The School Committee also approved a $10,000 retirement incentive for Unit A, the teachers, to be paid over a three-year period as part of the school administration effort to close an $860,000 budget gap.
Knapik said the idea of the retirement incentive is to provide teachers at that high-end of the salary scale an incentive to retire, replacing some of those positions with teachers earning $40,000.
“The delta there is about $23,000 in savings after paying the incentive,” he said.
“It’s a fair deal,” said Westfield Education Association President Lori Hovey of the contract Monday. “There was collaboration and we worked together. I’m sure there was more that both sides would have liked, but we all compromised.”

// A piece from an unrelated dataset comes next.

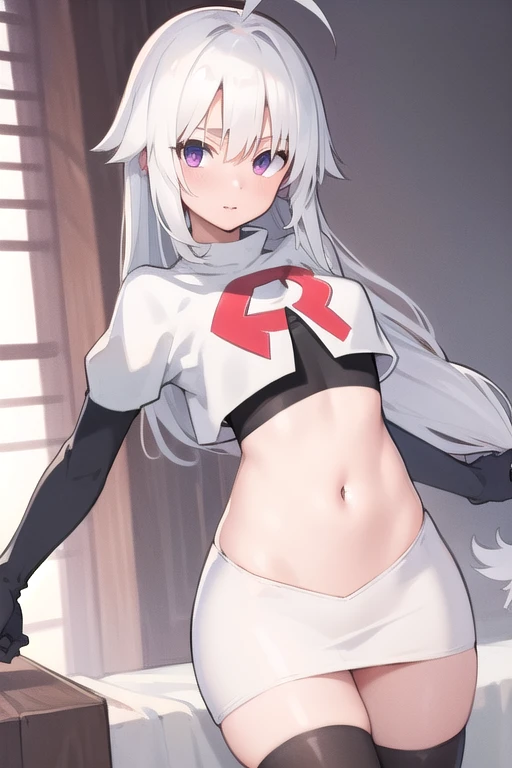 masterpiece, best quality, 1 girl  white hair, long hair,ahoge, team rocket,team rocket uniform,white skirt,red letter R,crop top,black thigh-highs,black elbow gloves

Hovey said everyone eligible for a step will receive one, and the one percent retroactive raise for the past year and one percent raise next year was acceptable, however, there was one area the teachers were not happy with in the contract.
“We’re not pleased with our health insurance,” said Hovey. “The city will say it will cost less as far as premiums go, but we now have a deductible, which we never had in the past.”
School Superintendent Suzanne Scallion said this morning that the district’s largest budget item is salaries, which account for more than 85 percent of the total budget.
“Attrition is my #1 goal,” Scallion said. “We’re looking at all positions to see if we can move another teacher into a slot or leave it vacant.
“I’m trying to avoid sending out more pink slips than is absolutely necessary because I want to avoid putting people through that emotional wringer,” Scallion said.
Many districts typically send out layoff notices before the final budget numbers are known, notifying twice as many teachers as the final layoff number.
“I don’t want to lose qualified people who get that notice and find another job, people who have to put food on the table for their families, pay the mortgage,” Scallion said.
Scallion is focused on balancing the budget, but not at the expense of students.
“I want to keep class sizes small, not have to cut programs such as AP (Advanced Placement) and keep highly qualified teachers in the classrooms,” she said.
The biggest hit to the school budget this year was the termination of a federal American Recovery and Reinvestment Act grant and a reduction in the federal Tittle 1, a funding cut of more than $2 million.